-- Data records follows --

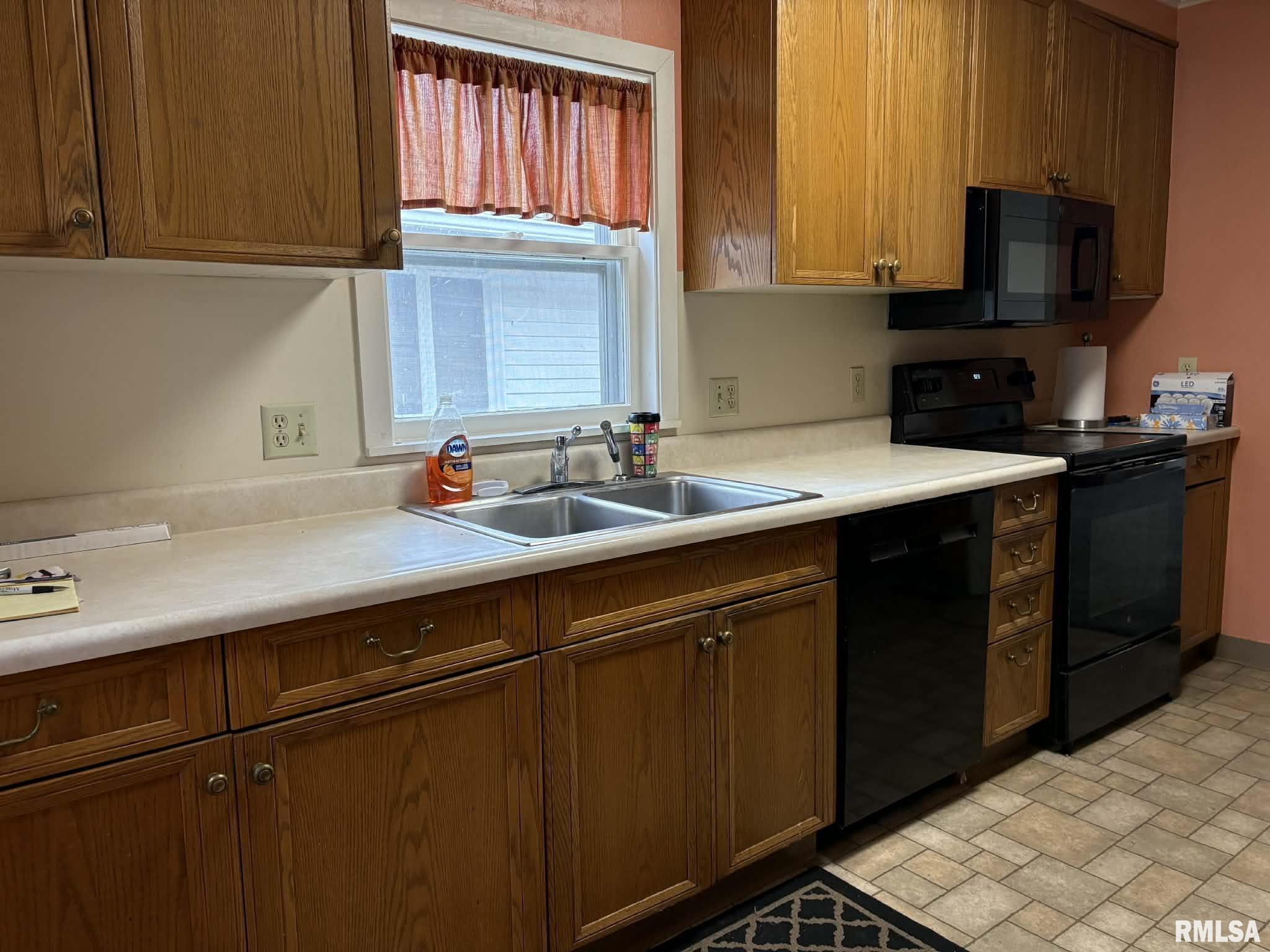 810 South 17th Street Quincy, IL 62301 - Photo 5 of 11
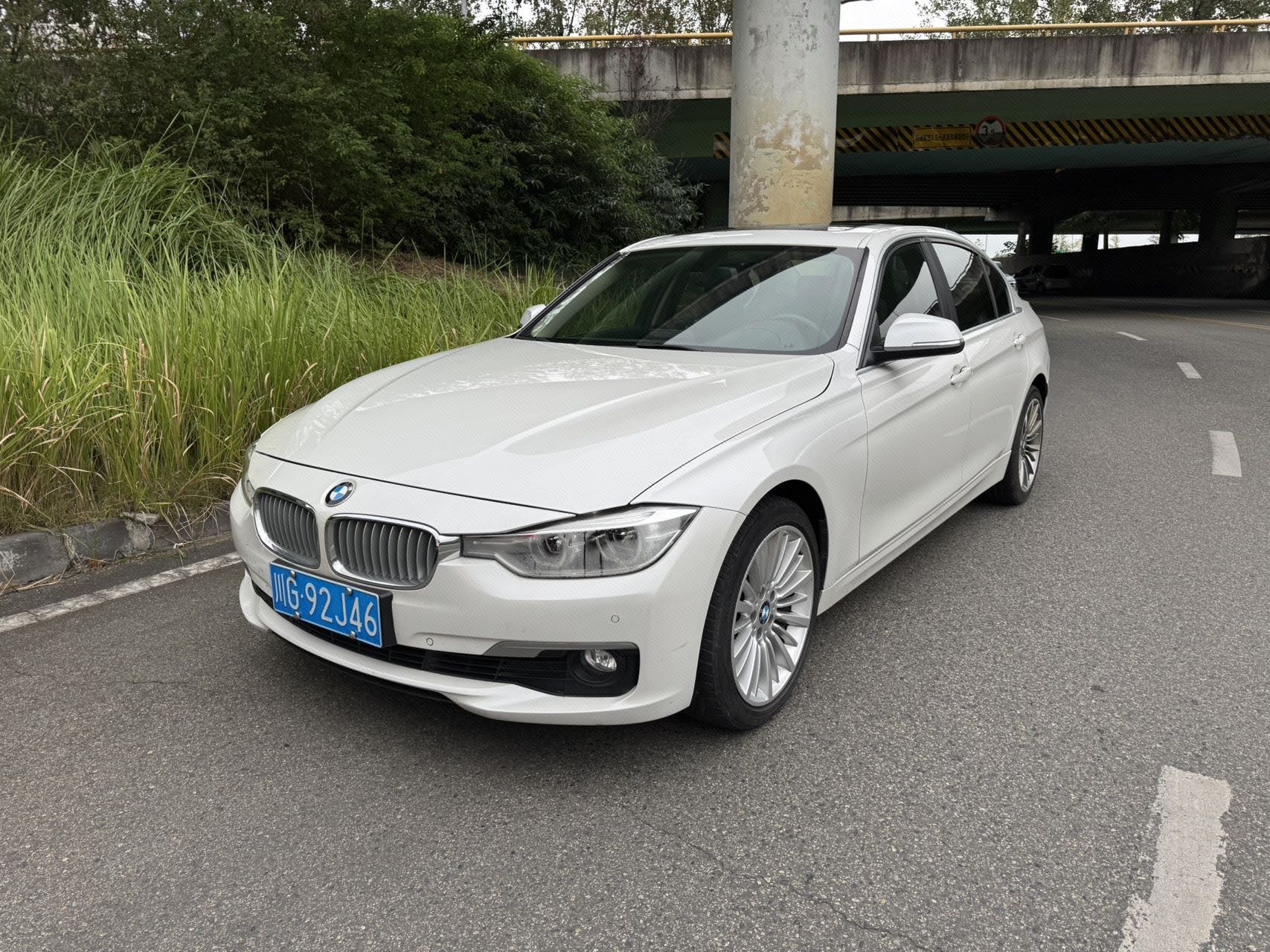 BMW 3 Series 2018 imagem de carro 
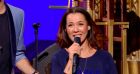 Chimène Badi interprète son titre "Miroir" à une fan dans l'émission "Le Big Show" et oublie les paroles !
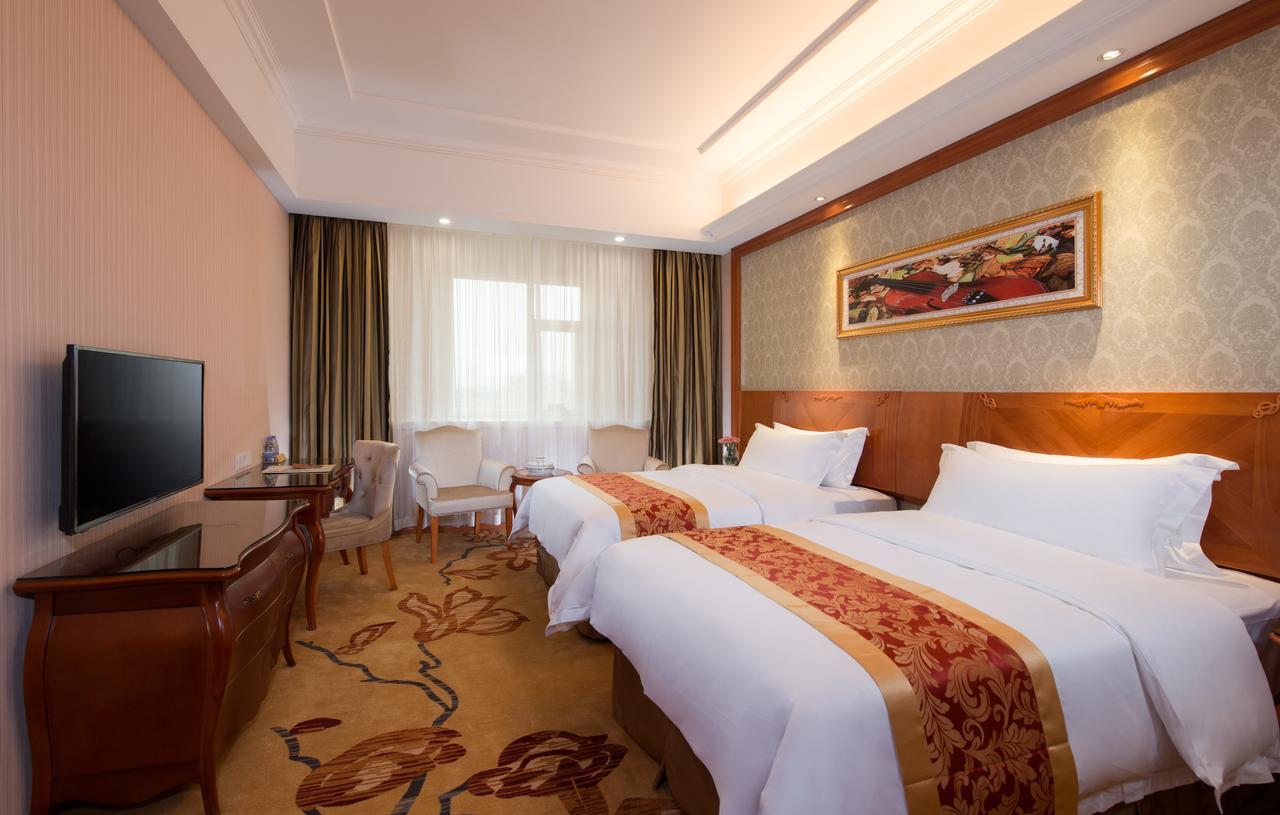 Vienna Hotel Xi'An Railway Station Kültér fotó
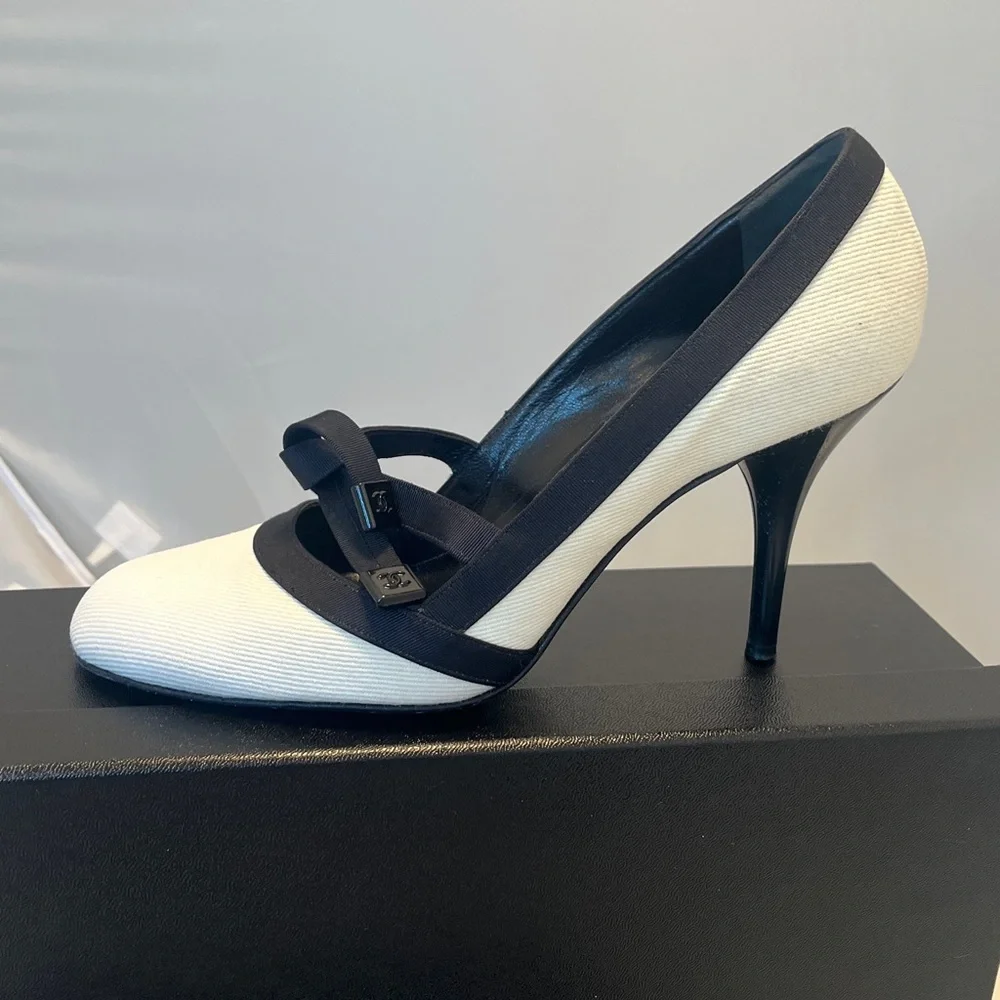 Chanel Interlocking CC High Heel Pumps - Picture 5 of 14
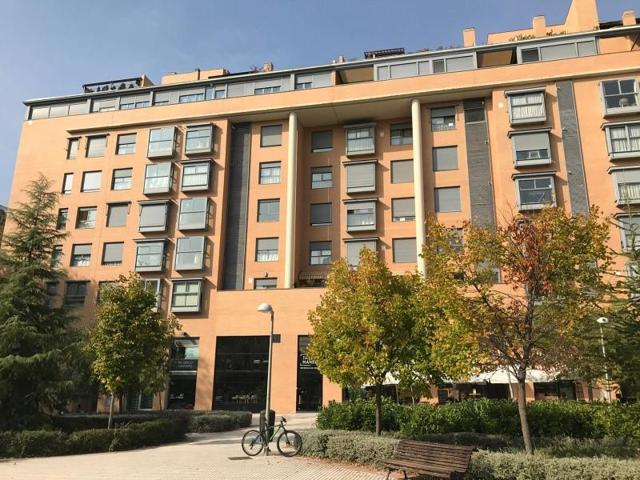 Duplex en venta en Madrid, Legazpi photo 0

-- Data records concluded --

Once the line containing "Vienna Hotel Xi'An" is found, transcribe it and every line after it to the end of the records, exactly and with no pictures.

**The answer**
 Vienna Hotel Xi'An Railway Station Kültér fotó
 Chanel Interlocking CC High Heel Pumps - Picture 5 of 14
 Duplex en venta en Madrid, Legazpi photo 0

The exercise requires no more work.